*Exercise input*.
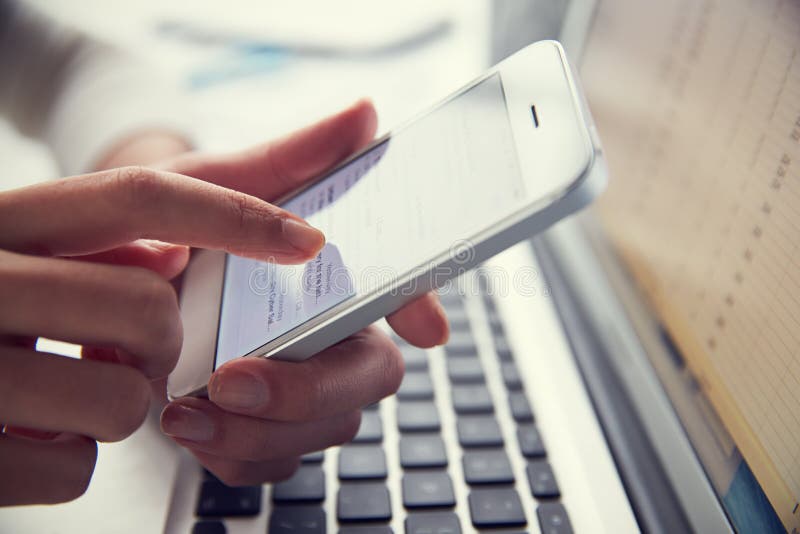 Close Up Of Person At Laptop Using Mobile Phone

---

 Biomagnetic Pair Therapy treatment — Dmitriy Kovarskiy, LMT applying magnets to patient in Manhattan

--

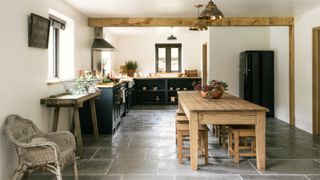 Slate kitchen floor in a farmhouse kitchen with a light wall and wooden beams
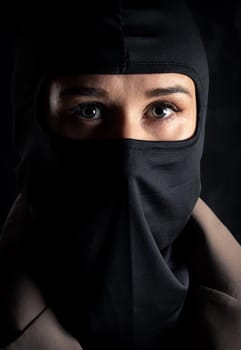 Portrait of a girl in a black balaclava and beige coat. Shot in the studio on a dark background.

*Problem*. Only one part of the material above is wanted: the lines from the one with "Slate kitchen floor" up to and including the one with "Portrait of a". Please copy them exactly, pictures left out.

*Result below*.
 Slate kitchen floor in a farmhouse kitchen with a light wall and wooden beams
 Portrait of a girl in a black balaclava and beige coat. Shot in the studio on a dark background.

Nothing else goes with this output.